A Pragmatic Overture to Pyongyang

By many measures, North Korea is an even greater threat to the U.S. and the world than Iraq. It is a failed Stalinist state with a collapsing economy financed by exports of illegal drugs, counterfeit currency, and Scud missiles to anyone who will pay--including, perhaps, terrorists. Its dictatorial ruler, Kim Jong Il, the son of a previous dictator, has lied about developing nuclear weapons and now threatens war in a desperate attempt to get food and oil for his country. There's not much to like about North Korea, and President George W. Bush has made it clear from the start of his Administration that he wants regime change in this member, too, of the "axis of evil."

But his options are severely limited. Starving North Korea into submission could result in the sale of missiles and nuclear weapons to terrorists or the unleashing of its military against South Korea. Preemptive military action could easily do the same. The Administration's announcement that it will resume a formal "dialogue" with Pyongyang is the right move. So is the effort to enlist South Korea, Japan, and China in restraining the north. The immediate goal is to offer economic aid in exchange for opening the country to full and permanent inspection and surveillance of all nuclear facilities. The long-term goal should be to open the economy to investment and pave the way for a "soft landing" when the system collapses.
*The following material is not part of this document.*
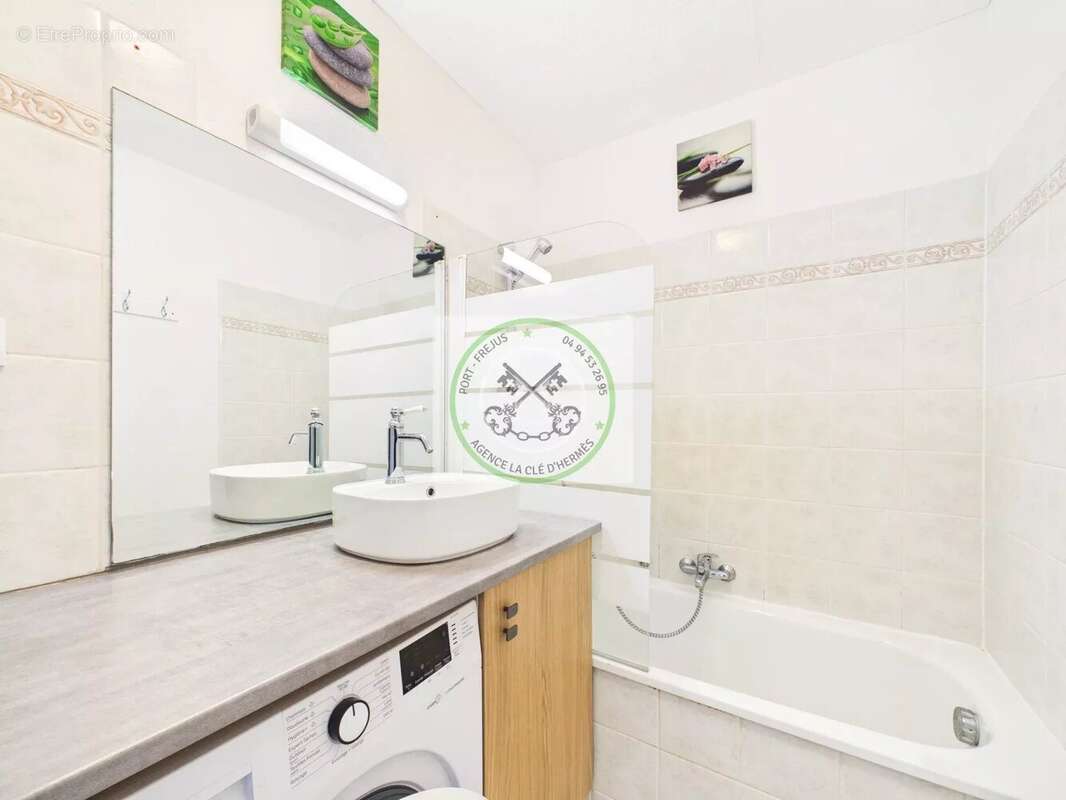 Appartement à FREJUS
President Bush's hard line against North Korea when he first took office may have provoked Kim to reveal that his country had secretly been building a bomb throughout the '90s. But by abruptly halting diplomatic talks in 2000, labeling North Korea a member of the demonic axis, and talking of preemptive strikes, Bush also helped fuel the current crisis. At the same time he alienated a once-close ally, South Korea, by publicly rejecting the South's own dialogue with the North when its Prime Minister was in Washington on a state visit. Bush's latest pragmatic approach is the best of all bad options.